I was thinking about this, because seems to be obvious that $\operatorname{Ker}(\varphi)$ is finitely generated, once is a submodule of $M$ (f.g.).
Maybe I do not understand the question.
Thanks in advance.
On
This problem is true as stated, with no hypotheses on the ring $A$, because of the hypothesis that $\phi : M \to A^n$ is surjective. Let $K = \mathrm{Ker}(\phi)$, so we have a short exact sequence $0 \to K \to M \to A^n \to 0$.
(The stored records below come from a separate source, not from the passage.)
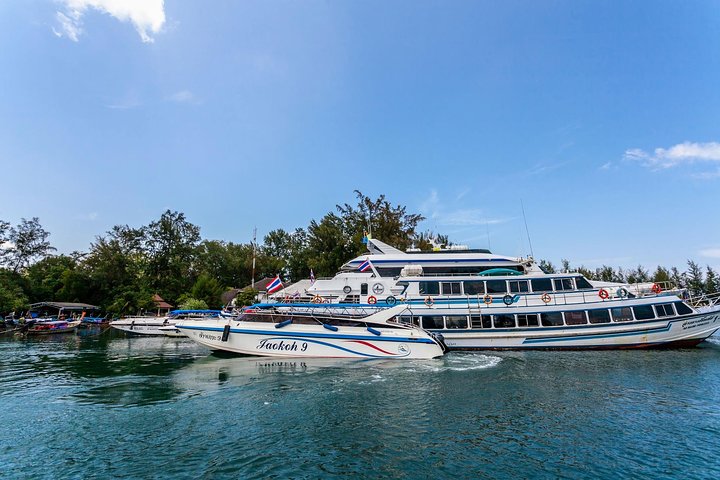 Koh Yao Yai to Koh Phi Phi by Koh Yao Sun Smile Speed Boat
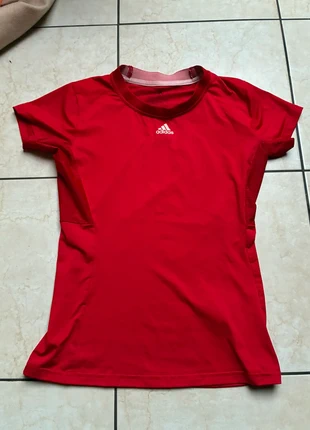 Adidas Red Athletic T-Shirt, brand: adidas, condizioni: Ottime, taglia: S / IT 40 / EU 36, €10.00, €11.20 include la Protezione acquisti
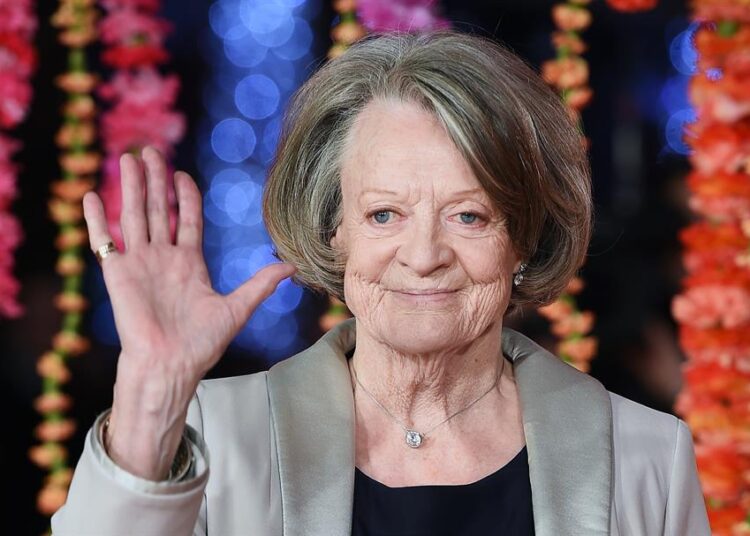 Los actores de ‘Harry Potter’ despiden a Maggie Smith y los fans alzan sus varitas al aire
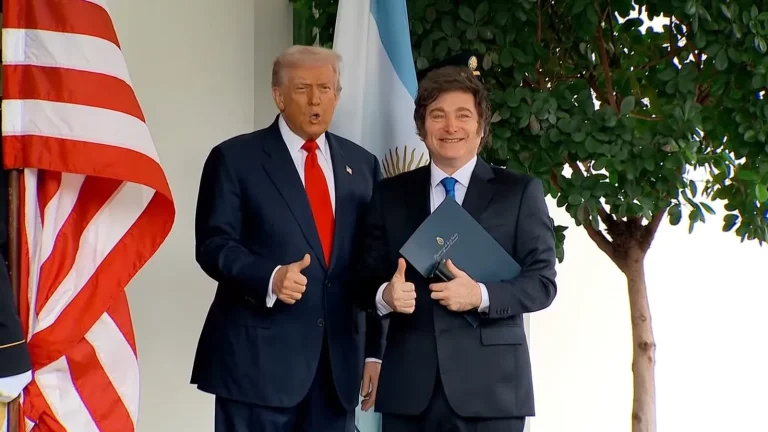 Donald Trump a Javier Milei en la Casa Blanca: «Si pierde las elecciones no seremos generosos con Argentina»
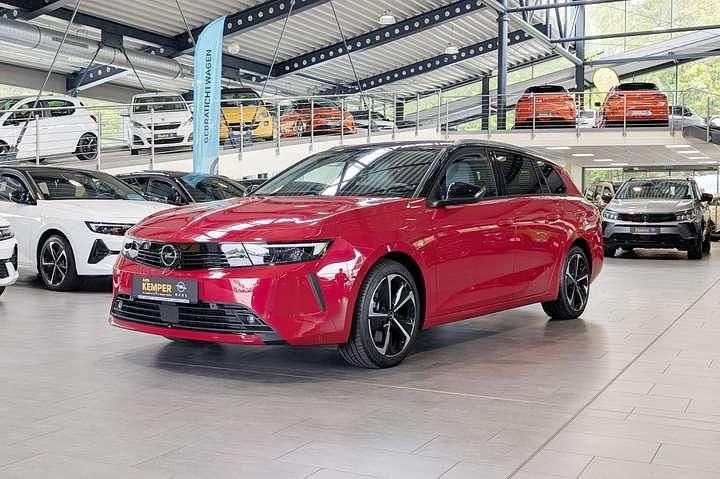 Gebraucht Opel Astra Elegance 181 PS (133 kW) 2023 Rot Kombi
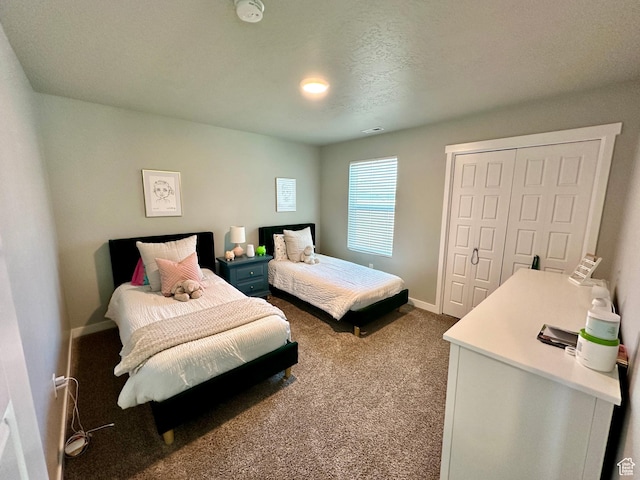 980 W 1275 S, Springville, UT 84663 - bedroom featuring baseboards, visible vents, dark carpet, and a closet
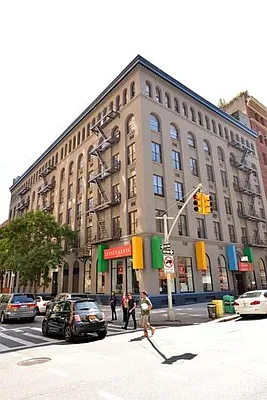 Rented by Buchbinder & Warren | media 25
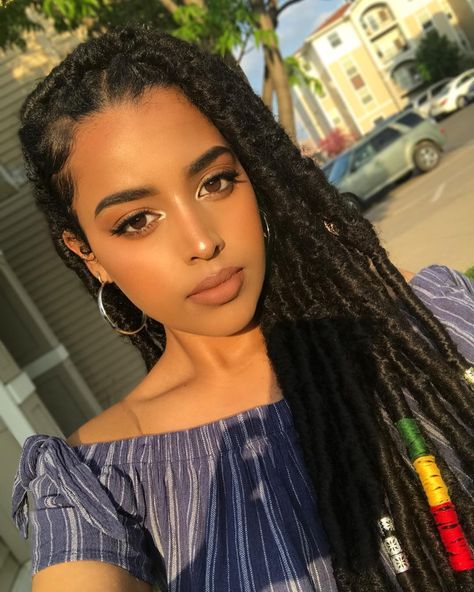 One editor breaks down the differences between the best braids with extensions for Afro hair. Faux Dreadlocks, Long Dreadlocks, Ethiopian Women, Curly Hair Braids, Marley Hair, Faux Locs Hairstyles, Pelo Afro, Girls Braids, Afro Hair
The short version of what I want to say next is "$A^n$ is free, so $0 \to K \to M \to A^n \to 0$ splits, so $M \cong K \oplus A^n$." Here is the longer version. Write $\iota$ for the inclusion $K \to M$ and $\pi$ for the surjection $M \to A^n$. Let $e_1$, $e_2$, ..., $e_n$ be the generators of $A^n$. Lift them to $m_1$, $m_2$, ..., $m_n \in M$, meaning that $\pi(m_j) = e_j$. Let $\sigma : A^n \to M$ be the map $\sum a_j e_j \to \sum a_j m_j$. So $\pi(\sigma(x)) = x$. This map $\sigma$ is called a splitting (or sometimes, a right splitting) of the sequence $0 \to K \to M \to A^n \to 0$.
Whenever you have a splitting, you can do the following trick: For $m \in M$, let $\rho(m) = m - \sigma(\pi(m))$. Since $\pi(\rho(m)) = \pi(m) = \pi(\sigma(\pi(m))) = \pi(m) - \pi(m) = 0$, we have $\rho(M) \in K$. So $\rho$ gives a map $M \to K$. As an exercise, check that $\rho(\iota(k))=k$ for any $k \in K$ and $\rho(\sigma(x)) = 0$ for any $x \in A^n$. I claim that $M \cong K \oplus A^n$. The map in one direction is $m \mapsto (\rho(m), \pi(m))$; the inverse map is $(k, x) \mapsto \iota(x)+\sigma(x)$. Checking that these are inverse is left as an exercise.
So, the short way or the long way, we conclude that $M \cong K \oplus A^n$. In particular, $K$ is a quotient of $M$, and $M$ is finitely generated, so $K$ is as well.
See Wikipedia's article on split short exact sequences for more.
Under many conditions, the hypothesis that $\phi$ is surjective is not needed. For Noetherian rings, any submodule of a finitely generated module is finitely generated, so you are done immediately. More generally, if $R$ is a coherent ring, the kernel of any map $A^m \to A^n$ is a finitely generated $A$-module.
The simplest example I know of a non-coherent ring is $A=k[x_1, x_2, x_3, \ldots]/\langle x_i x_j \rangle_{i \leq j}$. In other words, take the polynomial ring in infinitely many variables and set all products of two variables equal to $0$. Then multiplication by $x_1$ is a map $A \to A$, whose kernel is the maximal ideal $\langle x_1, x_2, \ldots, \rangle$, but this maximal ideal is not finitely generated.
As stated in the title, it even is false for $K$-vector spaces ($K$ being the base field). Consider $n$ distinct scalars $a_1, a_2,\dots, a_n$, and the linear map: \begin{align} f:K[X]&\longrightarrow K^n \\ P&\longmapsto\bigl(P(a_1),P(a_2),\dots,P(a_n)\bigr) \end{align} This map is surjective because of the existence of the Lagrange polynomial.
As stated in the question itself (with $M$ finitely generated) it is true if $A$ is a coherent ring:
Indeed, $M$ is the quotient of a finitely generated free module, i.e. there exists some $m\in\mathbf N$ and a surjective map $\;p:A^m\longrightarrow M$.
Now, as $A^m$ and $A^n$ are coherent modules, $\operatorname{Ker}(\varphi\circ p)=p^{-1}(\operatorname{Ker}\varphi)$ is coherent, which implies it is finitely generated, hence $\operatorname{Ker}\varphi=p\bigl(\operatorname{Ker}(\varphi\circ p\bigr)\bigr)$ is finitely generated.